A l'exception de celle de Menaa affiliée à l'ordre des Quadria, toutes dépendaient de l'ordre des Rahmania et leur influence aurait pu être considérable si elles ne s'étaient posées en rivales.
Sous les Turcs il semble que les Ben Abbés de Menaa se soient acquis une position privilégiée en raison des services qu'ils étaient en mesure de leur rendre du fait de leur situation sur la route qu'empruntaient leurs détachements à l'occasion de la relève de leur garnison de Biskra.
Toujours est-il qu'ils bénéficièrent de leur part d'une dotation très importante, celle d'un haouch ou propriété rurale de quelques milliers d'hectares dans les environs de Constantine.
Quant à la zaouia de Tibermacine, en dépit des dommages corporels et matériels qu'elle subit en 1859, son influence s'étendait et s'étendra jusqu'à la dernière guerre mondiale bien au-delà des limites de l'Aurès.
Elle comptait de nombreux adeptes dans les hautes-plaines constantinoises jusqu'aux environs de Guelma. Premier commandant du cercle de Guelma, le colonel Duvivier constatera en 1845 l'existence aux environs de la ville de nombreuses populations se disant venu du massif.
On ne sait si cette présence, que peut expliquer la participation des montagnards aux travaux des moissons, a facilité la pénétration des marabouts ou si, c'est au contraire une implantation maraboutique préalable, dans une région que l'on sait avoir été dépeuplée au XVIIIe siècle par diverses épidémies, qui favorisa la descente dans le bas-pays d'Aurasiens, à l'étroit dans leurs montagnes.
Pour clore ces lignes sur les pratiques religieuses de la société aurasienne, il faut dire quelques mots d'un cycle de pèlerinage qui semble particulier à l'Aurès, celui des Messamda.
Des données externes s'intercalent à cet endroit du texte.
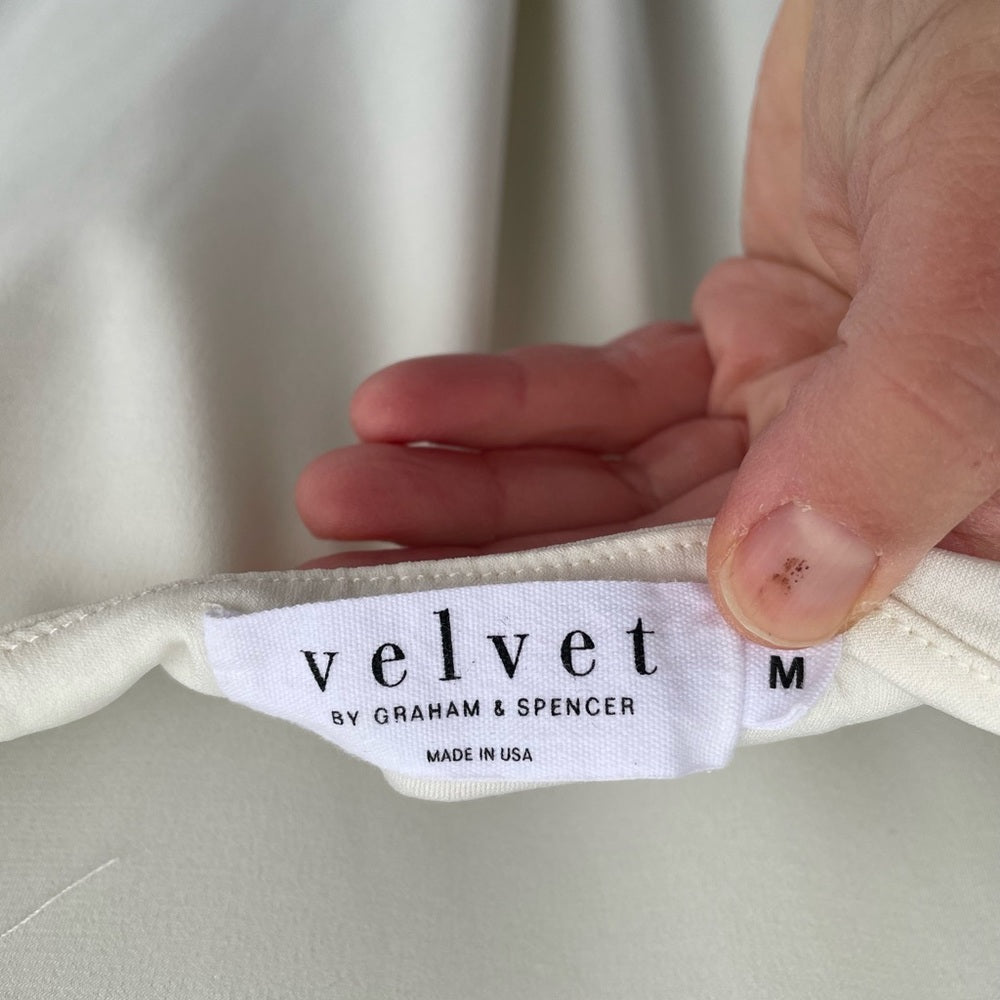 Velvet by Graham & Spencer White open back Dress, size M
Vers la fin de l'été ce petit groupe d'hommes saints venus de l'Ahmar Khaddou se montrait cinq vendredis successifs en des lieux différents. Ils attiraient des foules et se livraient devant elles à des danses extatiques au cours desquelles on voyait prophétiser des femmes qui les accompagnaient. Le cycle s'achevait par un grand marché qui se tenait à Tkout chez les Beni-Bou-Slimane.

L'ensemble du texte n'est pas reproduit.